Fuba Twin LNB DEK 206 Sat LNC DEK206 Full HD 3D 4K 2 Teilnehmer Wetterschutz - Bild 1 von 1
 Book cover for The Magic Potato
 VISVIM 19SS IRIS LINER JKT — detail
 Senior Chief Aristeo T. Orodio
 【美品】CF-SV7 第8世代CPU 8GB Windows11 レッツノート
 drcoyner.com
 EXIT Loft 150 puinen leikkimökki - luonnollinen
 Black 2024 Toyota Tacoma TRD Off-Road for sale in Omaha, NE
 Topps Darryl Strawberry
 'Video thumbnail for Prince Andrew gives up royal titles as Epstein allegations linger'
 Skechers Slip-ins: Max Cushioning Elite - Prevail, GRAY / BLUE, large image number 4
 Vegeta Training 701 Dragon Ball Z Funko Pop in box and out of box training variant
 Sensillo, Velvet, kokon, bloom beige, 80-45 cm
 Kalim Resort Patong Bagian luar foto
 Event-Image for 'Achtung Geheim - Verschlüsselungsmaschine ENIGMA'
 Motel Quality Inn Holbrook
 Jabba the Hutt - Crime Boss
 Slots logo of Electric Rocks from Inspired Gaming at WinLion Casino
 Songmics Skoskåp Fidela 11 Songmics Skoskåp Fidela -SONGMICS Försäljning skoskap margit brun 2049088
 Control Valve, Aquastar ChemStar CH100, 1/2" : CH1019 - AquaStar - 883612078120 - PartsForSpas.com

::::::::::

Copy the listing word for word.

Fuba Twin LNB DEK 206 Sat LNC DEK206 Full HD 3D 4K 2 Teilnehmer Wetterschutz - Bild 1 von 1
 Book cover for The Magic Potato
 VISVIM 19SS IRIS LINER JKT — detail
 Senior Chief Aristeo T. Orodio
 【美品】CF-SV7 第8世代CPU 8GB Windows11 レッツノート
 drcoyner.com
 EXIT Loft 150 puinen leikkimökki - luonnollinen
 Black 2024 Toyota Tacoma TRD Off-Road for sale in Omaha, NE
 Topps Darryl Strawberry
 'Video thumbnail for Prince Andrew gives up royal titles as Epstein allegations linger'
 Skechers Slip-ins: Max Cushioning Elite - Prevail, GRAY / BLUE, large image number 4
 Vegeta Training 701 Dragon Ball Z Funko Pop in box and out of box training variant
 Sensillo, Velvet, kokon, bloom beige, 80-45 cm
 Kalim Resort Patong Bagian luar foto
 Event-Image for 'Achtung Geheim - Verschlüsselungsmaschine ENIGMA'
 Motel Quality Inn Holbrook
 Jabba the Hutt - Crime Boss
 Slots logo of Electric Rocks from Inspired Gaming at WinLion Casino
 Songmics Skoskåp Fidela 11 Songmics Skoskåp Fidela -SONGMICS Försäljning skoskap margit brun 2049088
 Control Valve, Aquastar ChemStar CH100, 1/2" : CH1019 - AquaStar - 883612078120 - PartsForSpas.com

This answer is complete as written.